In Washington, D.C., on May 22, the newly created Policy Review Committee on Korea met at the White House to consider what the United States should do. Its members included newly appointed secretary of state Edmund Muskie, President Carter’s national security adviser Zbigniew Brzezinski, the director of central intelligence Admiral Stansfield Turner, and the secretary of defense Harold Brown, plus Christopher, Holbrooke, and Gregg. Brzezinski, himself a Polish-American and an authority on the Soviet Union’s satellites in Eastern Europe, summarized the consensus of the meeting: “In the short-term support, in the longer term pressure for political evolution.” According to the minutes transmitted to Gleysteen, “There was general agreement that the first priority is the restoration of order in Kwangju by the Korean authorities with the minimum use of force necessary without laying the seeds for wide disorders later.”
On May 23 Gleysteen met with the acting prime minister and told him that “firm anti-riot measures were necessary.” He agreed to release “CFC [Combined Forces Command] forces to Korean command for use in Kwangju.” General Wickham withdrew the Korean 20th Division from its duties on the DMZ and turned it over to the martial law authorities. General Chun broadcast news of the American decision to release the troops throughout South Korea, thus cleverly bolstering the view that the United States backed Chun. At 3:00 A.M. on the morning of May 27 the 20th Division entered Kwangju, killing anyone who did not lay down his or her weapons. This was a highly disciplined unit, and the city was quickly secured, much as Budapest had been in 1956.
The endgame of the Kwangju uprising dragged on for another two years. In the summer of 1982, two special forces brigades were moved from the border with North Korea to the cities of Kwangju and Chongju in order to hunt down rebels who had fled into the hills when the 20th Division entered the city. The U.S. Defense Intelligence Agency has acknowledged that these remnants were not Communist-inspired but were reacting against the brutality of their own country’s army.

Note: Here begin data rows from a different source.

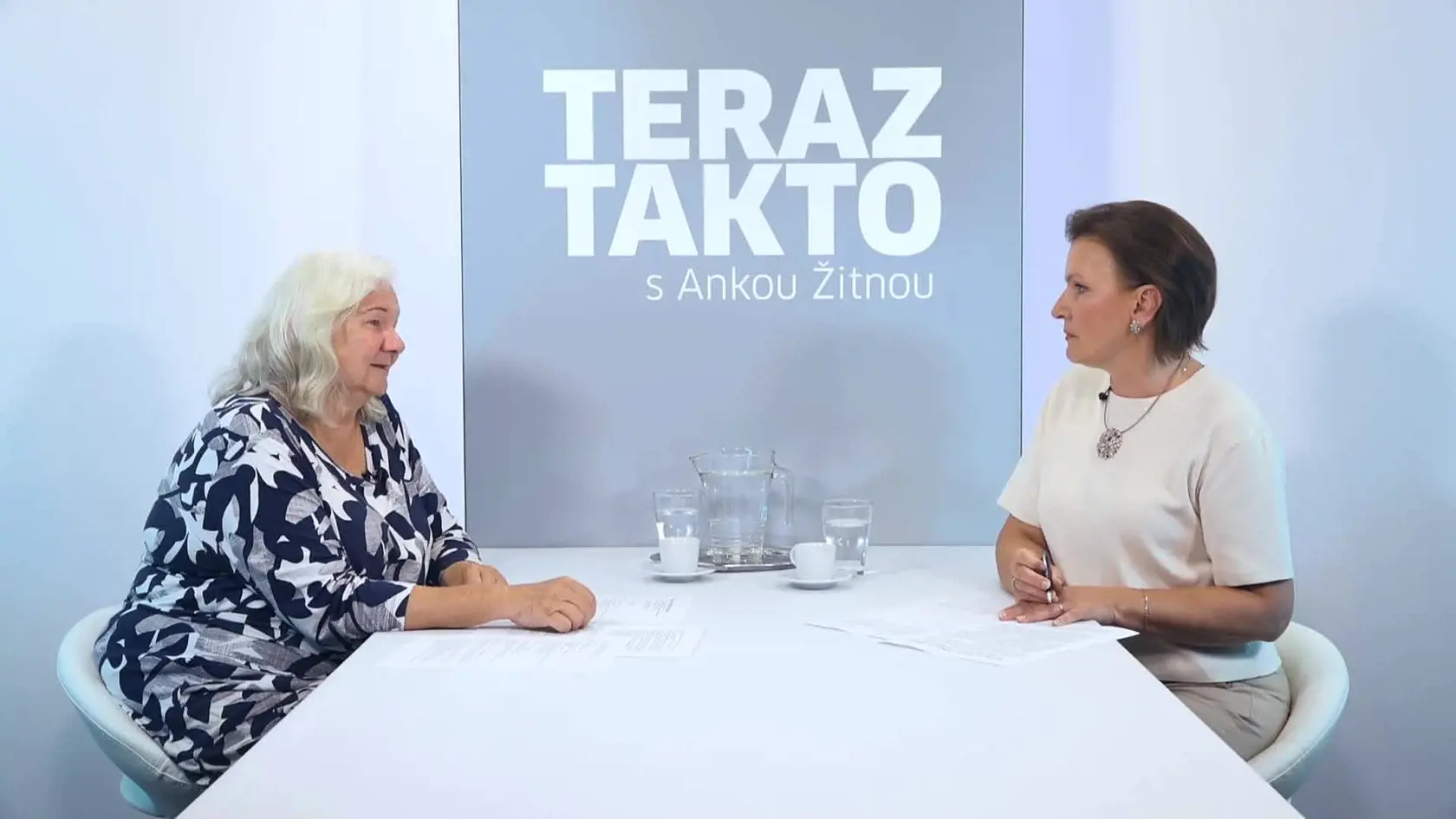 Diskusná relácia Teraz Takto s Ankou Žitnou a Evou Šáriovou bola o problémoch turistického ruchu v Bratislave.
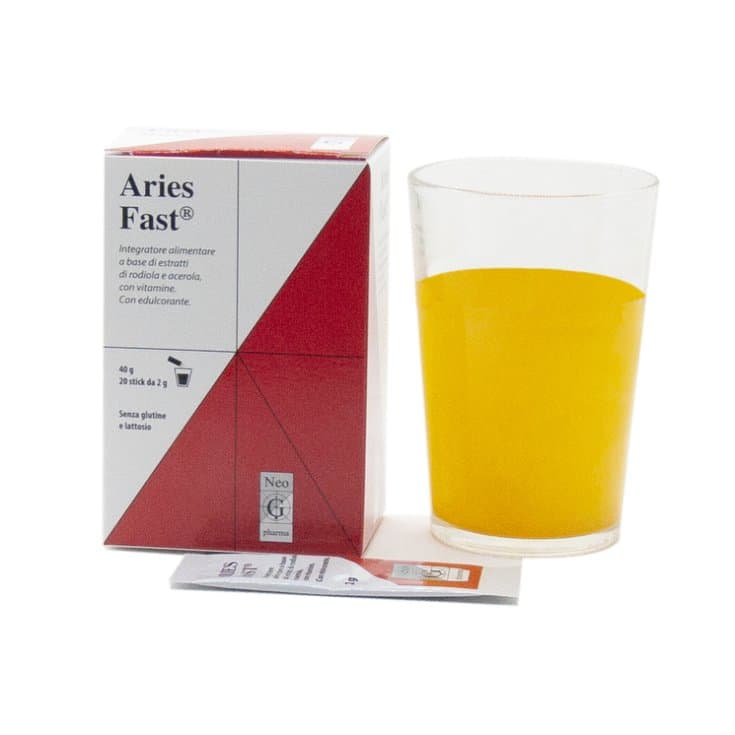 Aries Fast – 20 Beutel Sticks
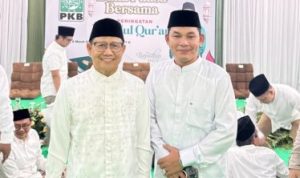 Ketua DPW PKB Kalteng Rahmanto Muhidin Hadiri Malam Nuzulul Qur’an dan Buka Puasa Bersama Gus Muhaimin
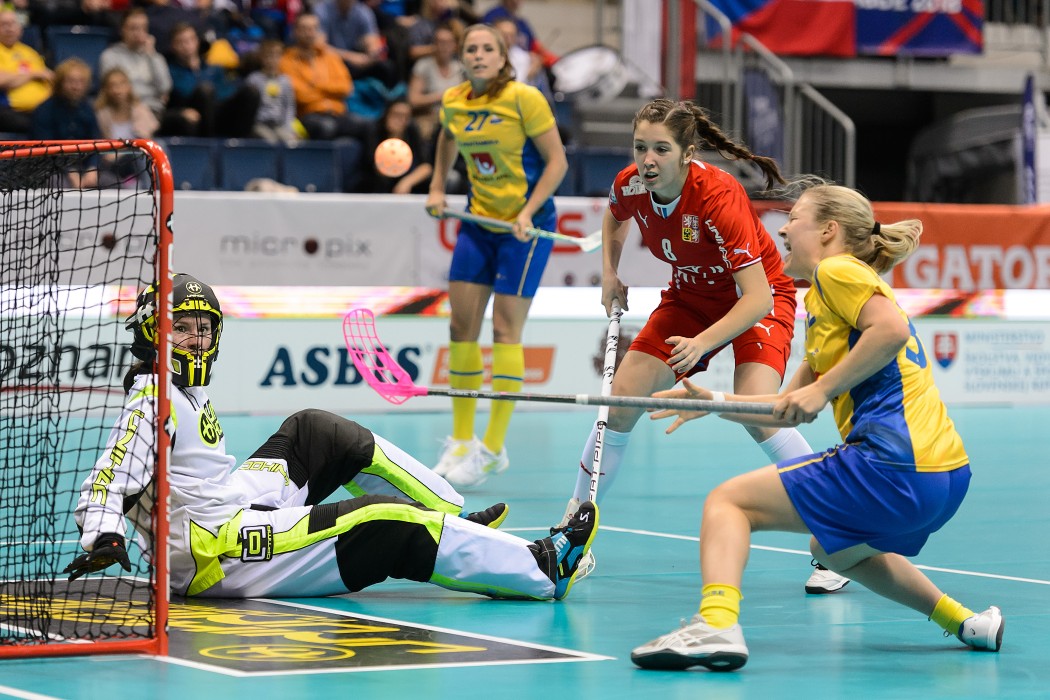 MS 2017 - Švédsko x Česko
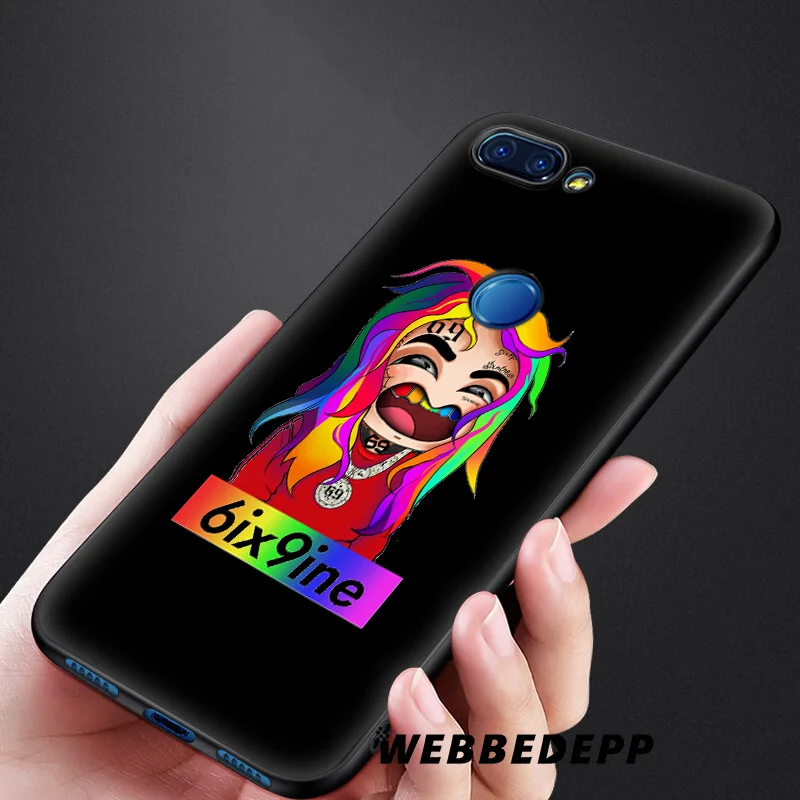 Мягкий силиконовый чехол WEBBEDEPP 6ix9ine Tekashi Tekashi69 для Xiaomi Redmi Note 7 6 6A 5 4 4X 4A S2 Plus Pro Lite Go |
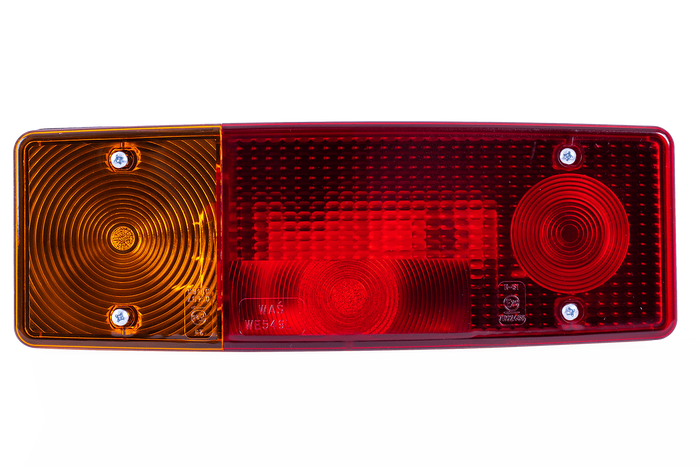 Fanale posteriore WAŚ WE549L 4 funzioni sinistro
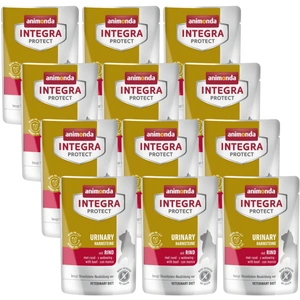 Animonda Integra Protect HARNSTEINE Carne de vită 12x85g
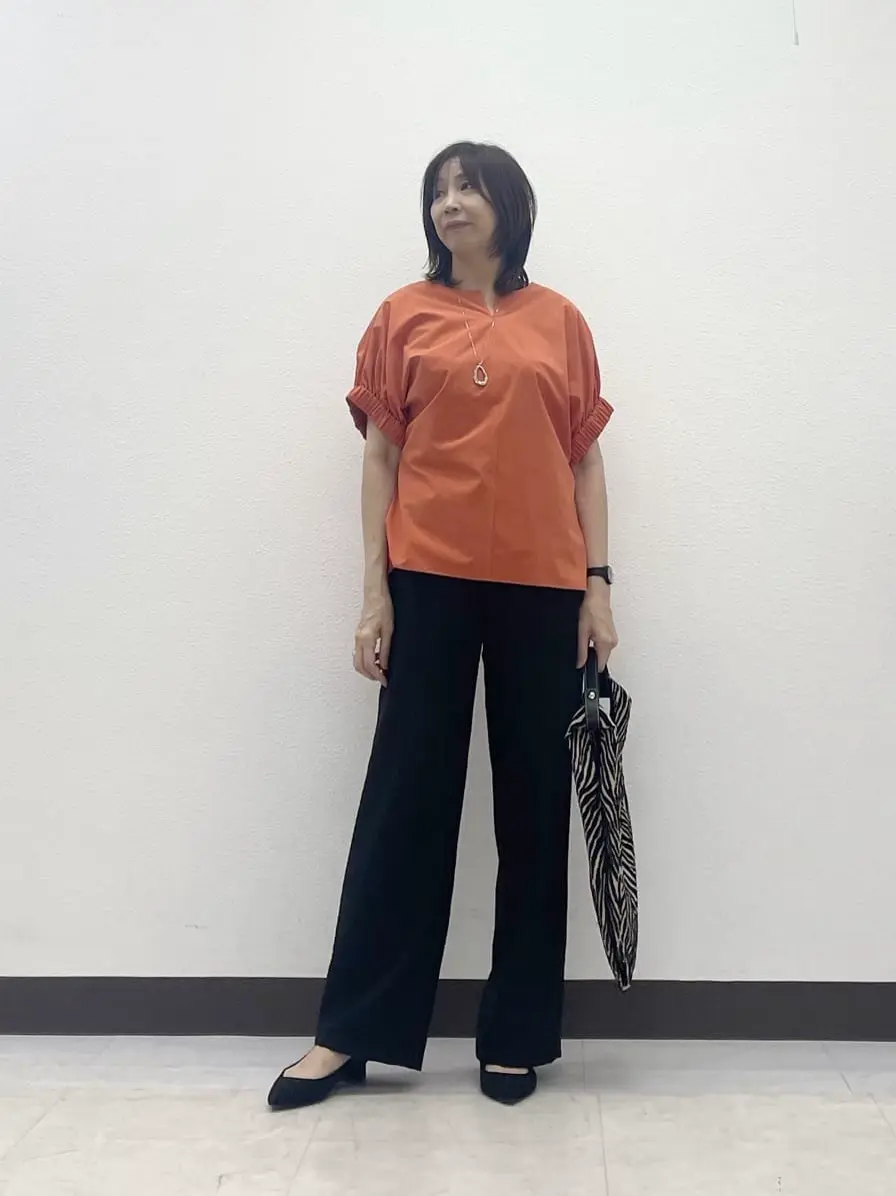 ICB L スタッフ コーディネート画像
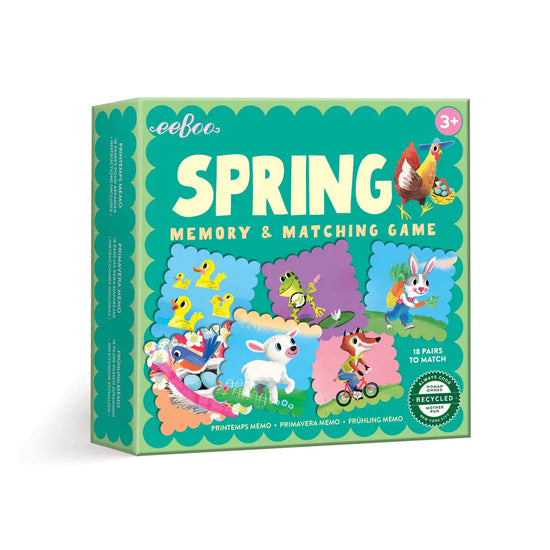 Little Spring Square Memory Game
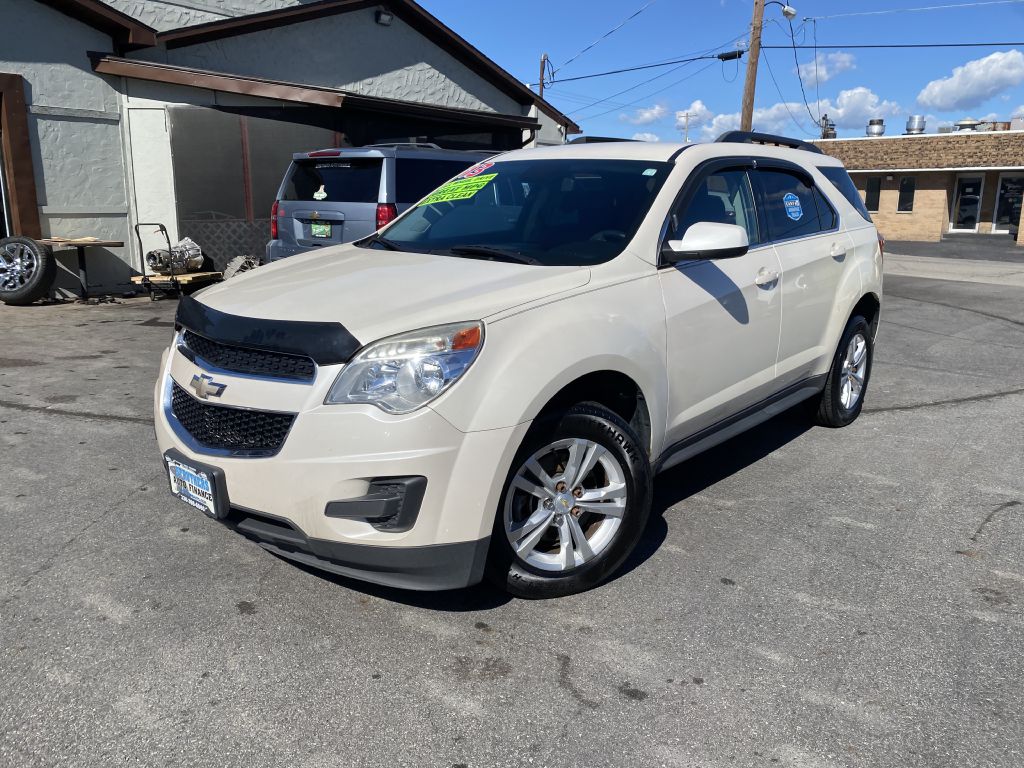 2013 CHEVROLET EQUINOX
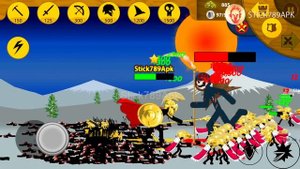 FINAL BOSS VAMPIRE, XIPHOS GOLDEN VS MEGA KING RIDER KAI GIANT | Stick War Legacy Mod | Stick789Apk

Back in Seoul, General Chun arrested dissident leader Kim Dae-jung on trumped-up charges of favoring North Korea—Kim had spoken of a federal system for the future of a unified Korea—and on May 22 charged him with instigating the protests in Kwangju even though he was in jail when they occurred. The martial law authority sentenced him to death. Richard Allen, Ronald Reagan’s first national security adviser, takes credit for saving Kim’s life. He claims that he traded a presidential invitation to Chun Doo-hwan to visit the White House—in February 1981 Chun was the first head of state to be received by the new president—in return for a life sentence. (Allen actually ended the article in which he described this achievement with the sentence “Chalk up one for the Gipper!”)16 In 1982 Chun allowed Kim Dae-jung to go into exile in the United States.